"The Court should return to the common-law doctrine of in loco parentis," said Clarence Thomas on Thursday, dissenting from the Supreme Court's 8-1 decision that strip-searching middle-schoolers for suspected contraband Tylenol was unconstitutional.
That conjured up unsettling images of parents strip-searching their own 13-year-olds, but it also reminded me to dig out a "loco parentis" variation I'd buried in a pile of notes.
It appeared last month in a Globe op-ed by the president of Wesleyan University, who was explaining how the killing of a student had changed his feelings about "in loco parentis," the notion that the institution stands in the place of a parent.

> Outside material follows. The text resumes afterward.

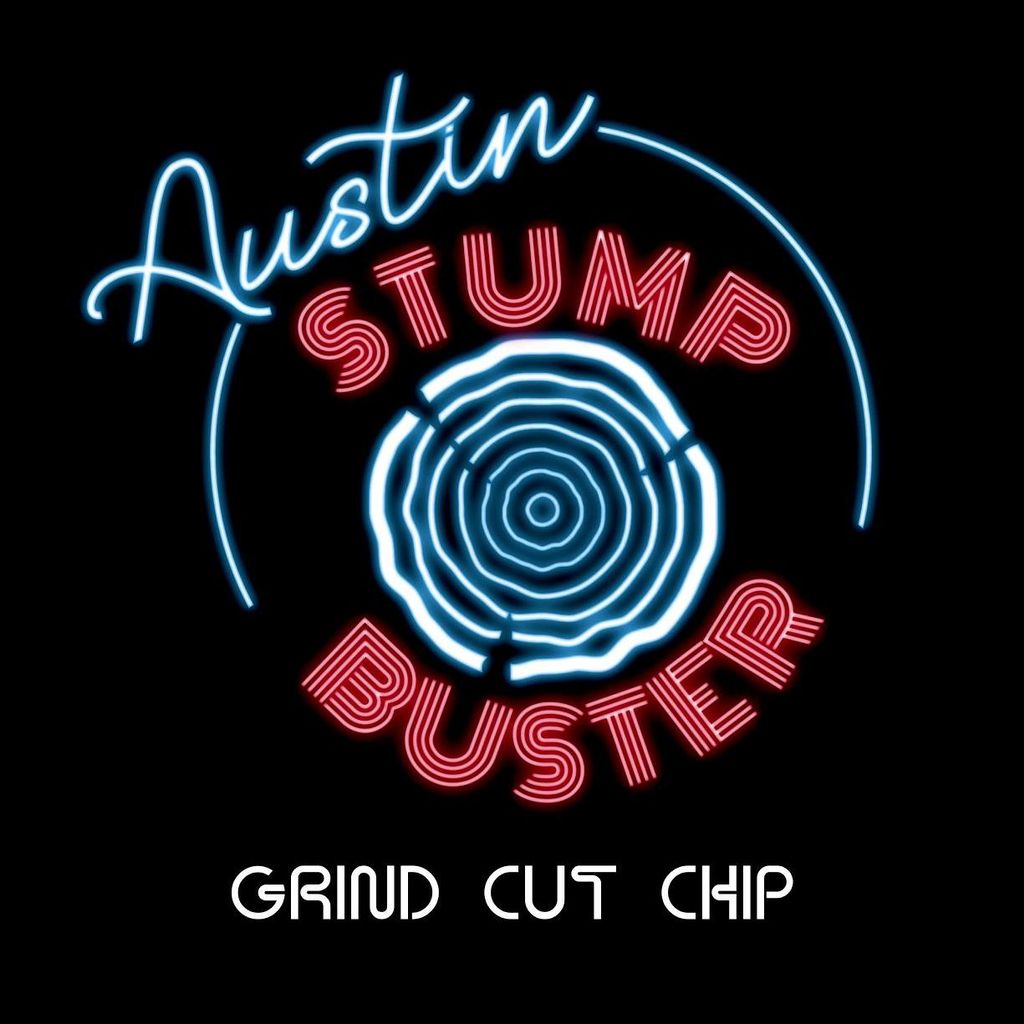 Austin Stump Buster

But he called it "in locus parentis." Twice. And unfortunately, an editor used one of those examples in the callout quote, in nice big type nobody could miss.
Now, I'm not going to profess any shock that a university president doesn't know his Latin declensions. The job has changed a lot in the past half-century, and as Peter Cook might have said,* You don't need the Latin for the fund-raisin'.
But "in loco parentis" isn't some obscure legal term; it's in English dictionaries, along with "ad nauseam" and "in toto" and other familiar tags. The American Heritage Dictionary has everything you might need to know: "Latin in locō parentis: in, in + locō, ablative of locus, place + parentis, genitive of parēns, parent." ("In locus" is just grammatically wrong, like "I believe in she.")
Just two days later, though, I heard a similar usage in a radio interview -- this time it was the even wronger "in locus parenti." That sent me searching, but it was slim pickings: Nexis news has only 11 cites over 30-plus years for "in locus parentis" (three of them in the Globe, one in the Times). Google has a measly 184 overall, along with hits for "in locum," "in local," "in loci," and the aforementioned "in locus parenti." So there's no need for Latin lovers to sound the alarm.
Still, I'm curious; are these random mistakes, or do some people feel an aversion to using "loco" -- given its colloquial sense of "crazy" -- in a dignified Latin phrase? Does "locus" sound better with "parentis," because they both end in s? Or is the word "locus" -- good English, after all, in its place -- just more familiar? Speculation is welcome, though no doubt fruitless.
*"Sitting on the Bench," from "Beyond the Fringe." If you're too young to remember it, you're young enough to find an MP3 of it.